The answer is yes. Which begs the second question: why does it matter? There are at least two reasons why it is beneficial to be aware of these differences. First, understanding the nature of buying truckload transportation helps you to make more informed purchasing decisions. Second, the knowledge can be used to educate the procurement profession about the unique demands of the truckload industry.
The latter point is particularly relevant when a centralized procurement function that is responsible for streamlining all purchasing activities is involved. This has become more important over recent years as companies have widened the jurisdiction of procurement departments in an effort to cut costs in every corner of the enterprise.
The problem is that non-freight procurement professionals might not be sufficiently familiar with the demands of logistics management. In addition, some transportation managers are not adept at communicating the intricacies of their jobs. The result can be the imposition of cost savings that are actually counterproductive (for more on this see the blog Bridging the Transportation/Procurement Divide, October 2010).
A characteristic that truckload shares with other forms of procurement is the fundamental need to achieve the best total cost of ownership for services and/or goods that are delivered on time, at the right location, and in the right quantity. As we have argued a number of times in this blog, procuring truckload transportation this is not just about securing the lowest-priced capacity; it is about buying into a total service package from a provider that is aligned with your goals (see Are You Managing the Right Negotiations?, February, 2011).
So what makes truckload procurement unique? Here are four features that set it apart from the function in other departments or industries.
Unlikely though it may seem, it is almost perfect. The idea of a perfect market is largely theoretical, but truckload comes close to fitting the required textbook profile. For example, just like a perfect market truckload has numerous buyers that individually find it difficult to sway the market price, even when they are large players. Also, both entry and exit barriers are relatively low, and the participants – carriers and shippers – have access to the information they need to make purchasing decisions.
Buyers’ market muscle is weak.
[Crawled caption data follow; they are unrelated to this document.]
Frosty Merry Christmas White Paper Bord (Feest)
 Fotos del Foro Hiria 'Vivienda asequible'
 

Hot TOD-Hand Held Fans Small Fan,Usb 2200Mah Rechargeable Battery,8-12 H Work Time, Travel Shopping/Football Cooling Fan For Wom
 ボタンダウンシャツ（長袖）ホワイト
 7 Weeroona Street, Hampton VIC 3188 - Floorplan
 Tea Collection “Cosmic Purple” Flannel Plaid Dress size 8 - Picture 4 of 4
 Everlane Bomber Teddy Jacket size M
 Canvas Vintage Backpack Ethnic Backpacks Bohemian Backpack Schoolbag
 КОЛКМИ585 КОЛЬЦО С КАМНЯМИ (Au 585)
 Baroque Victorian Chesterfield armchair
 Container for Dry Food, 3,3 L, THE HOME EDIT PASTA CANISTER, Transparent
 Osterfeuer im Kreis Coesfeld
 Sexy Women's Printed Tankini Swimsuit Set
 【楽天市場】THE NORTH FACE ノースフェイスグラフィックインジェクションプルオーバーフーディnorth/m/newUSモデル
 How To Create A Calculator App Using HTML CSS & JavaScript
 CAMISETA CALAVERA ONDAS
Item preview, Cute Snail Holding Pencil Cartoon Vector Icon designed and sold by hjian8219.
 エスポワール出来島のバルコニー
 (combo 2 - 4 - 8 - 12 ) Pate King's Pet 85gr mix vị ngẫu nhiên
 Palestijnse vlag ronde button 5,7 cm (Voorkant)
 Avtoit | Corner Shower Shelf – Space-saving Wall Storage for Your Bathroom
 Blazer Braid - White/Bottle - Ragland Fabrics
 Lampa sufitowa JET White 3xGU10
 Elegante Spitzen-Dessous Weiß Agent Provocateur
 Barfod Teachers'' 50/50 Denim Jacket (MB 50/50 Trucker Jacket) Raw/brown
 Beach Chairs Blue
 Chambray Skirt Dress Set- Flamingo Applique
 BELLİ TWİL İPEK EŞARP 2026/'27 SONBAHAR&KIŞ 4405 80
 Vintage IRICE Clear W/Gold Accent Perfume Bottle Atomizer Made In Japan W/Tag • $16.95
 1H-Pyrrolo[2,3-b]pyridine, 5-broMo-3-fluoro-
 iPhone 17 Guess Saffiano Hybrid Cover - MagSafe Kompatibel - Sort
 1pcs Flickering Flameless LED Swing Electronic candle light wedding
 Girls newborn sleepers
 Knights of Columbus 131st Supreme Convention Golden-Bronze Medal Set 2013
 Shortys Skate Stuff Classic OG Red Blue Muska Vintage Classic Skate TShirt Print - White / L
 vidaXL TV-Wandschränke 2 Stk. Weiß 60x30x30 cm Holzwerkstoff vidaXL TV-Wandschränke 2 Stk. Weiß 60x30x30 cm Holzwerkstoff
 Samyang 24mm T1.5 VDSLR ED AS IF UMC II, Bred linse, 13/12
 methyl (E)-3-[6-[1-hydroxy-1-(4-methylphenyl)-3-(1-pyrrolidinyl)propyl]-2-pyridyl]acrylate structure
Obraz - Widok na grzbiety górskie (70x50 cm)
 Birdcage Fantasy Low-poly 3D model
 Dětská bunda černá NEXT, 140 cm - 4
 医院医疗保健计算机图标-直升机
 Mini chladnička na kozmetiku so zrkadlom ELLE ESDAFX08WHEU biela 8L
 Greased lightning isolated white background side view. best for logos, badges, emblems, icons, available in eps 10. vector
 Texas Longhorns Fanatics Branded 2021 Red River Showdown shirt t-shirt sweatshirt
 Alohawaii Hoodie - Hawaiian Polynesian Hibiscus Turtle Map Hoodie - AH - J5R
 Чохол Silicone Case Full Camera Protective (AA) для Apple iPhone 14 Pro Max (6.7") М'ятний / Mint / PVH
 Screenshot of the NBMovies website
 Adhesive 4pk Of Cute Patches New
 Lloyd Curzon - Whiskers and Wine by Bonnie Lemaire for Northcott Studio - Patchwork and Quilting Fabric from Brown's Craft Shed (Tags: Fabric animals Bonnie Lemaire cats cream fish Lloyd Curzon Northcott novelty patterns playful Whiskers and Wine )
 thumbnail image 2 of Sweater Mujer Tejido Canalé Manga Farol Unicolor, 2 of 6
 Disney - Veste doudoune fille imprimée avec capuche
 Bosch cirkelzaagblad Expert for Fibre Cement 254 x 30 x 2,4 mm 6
Truckload is very fragmented and is not amenable to economies of scale, making it difficult for buyers to strike a better deal by leveraging their size. This particular feature often puzzles outside procurement professionals who operate in more regular markets.
Maverick structure. There are many ways to describe the truckload market but “typical” is not one of them. There are for-hire and private carriers that offer distinctive types of services. Companies use various criteria to decide which service variant is the most appropriate for their business.
Unusual contracts. When a procurement manager enters into a contract with a supplier, he or she generally expects that vendor to stick to the agreed price and volume terms. Not so in the truckload space. There is often no mutual commitment on volumes for the duration of the contract, although prices are usually set on a lane-by-lane basis. And there is no guarantee that the carrier will continue to transport the loads if business conditions change, as they often do.
In many ways it’s nice to be different. But it is also important to understand why you are distinctive in order to avoid costly misunderstandings.